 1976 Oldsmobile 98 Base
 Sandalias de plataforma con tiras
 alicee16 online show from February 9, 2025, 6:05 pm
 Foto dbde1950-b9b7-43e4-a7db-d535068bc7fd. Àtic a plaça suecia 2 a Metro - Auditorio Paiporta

...

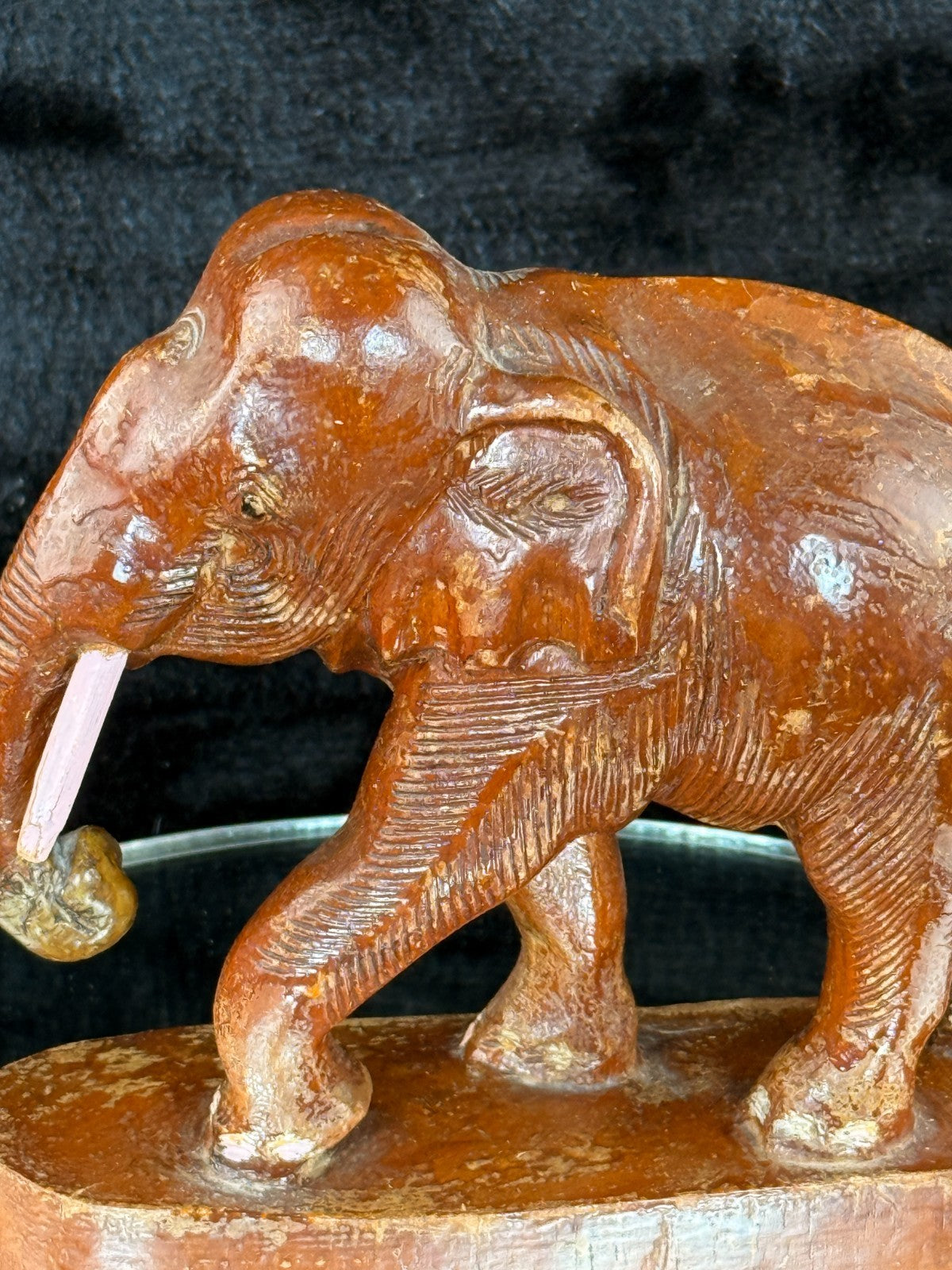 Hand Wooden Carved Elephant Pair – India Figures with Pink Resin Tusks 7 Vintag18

**Task prompt**: With the line that has "Sandalias de plataforma con tiras" as the first and the line that has "Foto dbde1950-b9b7-43e4-a7db-d535068bc7fd. Àtic" as the last, repeat exactly that run of lines above and no more.

**Task solution**:
 Sandalias de plataforma con tiras
 alicee16 online show from February 9, 2025, 6:05 pm
 Foto dbde1950-b9b7-43e4-a7db-d535068bc7fd. Àtic a plaça suecia 2 a Metro - Auditorio Paiporta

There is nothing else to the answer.